Mit bewegenden Worten versuchen der Freiburger Erzbischof Robert Zollitsch und der Landesbischof der Evangelischen Kirche in Baden, Ulrich Fischer, in einer gemeinsamen Messe den Angehörigen Anteilnahme und Trost zu spenden. Als die Toten einzeln beim Vornamen genannt und für jeden eine Kerze angezündet wird, erheben sich die Trauernden, während vom Turm die Glocken läuten. Angehörige, Freunde, Mitarbeiter und die vielen Rettungshelfer der ersten Stunde sowie Mitbürger erweisen den Opfern die letzte Ehre. Zu den Trauergästen zählen auch Bundespräsident Joachim Gauck, der baden-württembergische Ministerpräsident Winfried Kretschmann (Grüne), Landesinnenminister Reinhold Gall (SPD), Bundesbildungsministerin Annette Schavan (CDU) sowie die Bürgermeister der umliegender Heimatgemeinden.

In einer Ansprache würdigt Kretschmann besonders den Einsatz der Hilfskräfte sowie »die große Hilfsbereitschaft« der Menschen im Land.
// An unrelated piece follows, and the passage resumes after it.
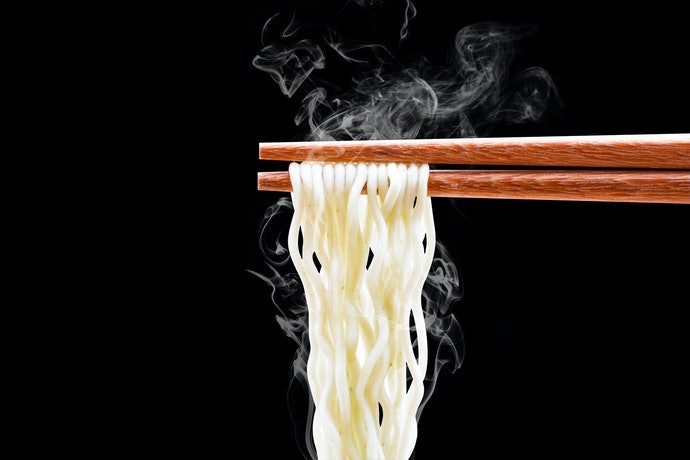 竹筷、木筷:質感絕佳,但需留意是否耐用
Der Vorstandsvorsitzende des Caritasverbandes Freiburg, Egon Engler, spricht davon, wie schwer es falle, »die Tragik des Todes anzunehmen«.

Im Anschluss an den Gottesdienst führt Bundespräsident Gauck Gespräche mit den Angehörigen. Dabei soll es nach Angaben von Teilnehmern zu bewegenden Begegnungen gekommen sein.
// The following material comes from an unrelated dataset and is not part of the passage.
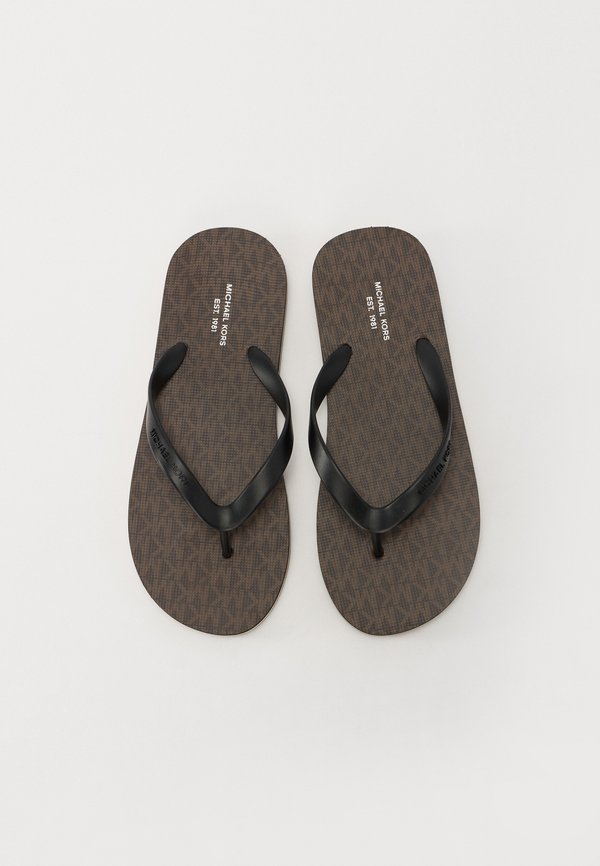 TRAVIS - Pool shoes3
Der befürchtete Run der Medien blieb indes aus, nachdem bereits im Vorfeld ein Film- und Fotoverbot in der Kirche ausgesprochen wurde. Nur wenige Presseleute fanden sich in dem vorgeschriebenen Areal vor dem Rathaus ein.

Die meisten Bürger verfolgten den Trauergottesdienst zu Hause, in der evangelischen Kirche oder auch im Freiburger Münster, auch in diese Gotteshäuser wurde die Trauerfeier live übertragen. Nur wenige Bürger fanden sich vor dem Neustädter Münster ein und bedauerten hier auf dem Vorplatz, nichts von der Kirche mitzubekommen.

Willi Boos aus Titisee erklärt: »Ich wäre so gerne auch in die Kirche gegangen um mitzutrauern und meine Betroffenheit zum Ausdruck zu bringen. Doch leider gab es für die Einheimischen kaum Platz. Ob die Angehörige hier bei dem Rummel richtig trauern können bezweifle ich«, so Boss. Thomas Hettinger aus Titisee steht ebenfalls frierend vor dem Jakobsmünster. »So etwas darf nicht mehr passieren«, erklärt der 80-jährige. »Gerade die Behinderten können sich nicht so gut bewegen und haben viel weniger Chancen bei einem Unglück«. Deshalb fordert er, die Technik so gut wie möglich auszubauen, dass es nie mehr zu einer solchen Katastrophe kommt.

Für Gerlinde Daubner aus Rötenbach ist der gesamte Rummel zu viel. Auch bei diesem schlimmen Unfall mit so vielen Toten müsse man den Angehörigen Stille und Ruhe geben. »Ich habe großes Mitgefühl und bin überaus traurig, da ich einige der Brandopfer gekannt habe. Trotzdem denke ich eine kleine Feier wäre besser gewesen«, sagt sie.

Nicht äußeren wollten sich die Bürgermeister des Hochschwarzwalds, die ihre Anteilnahme mit einem gemeinsamen Kranz bekundeten. Betroffenheit standen Bürgermeister Norbert Brugger und Ortsvorsteher Martin Lauble aus dem Löffinger Teilort Reiselfingen (Breisgau-Hochschwarzwald) ins Gesicht geschrieben. Fünf der 14 Todesopfer stammen aus dem »Hause Lebensheimat« aus Reiselfingen und zwei weitere aus Löffingen.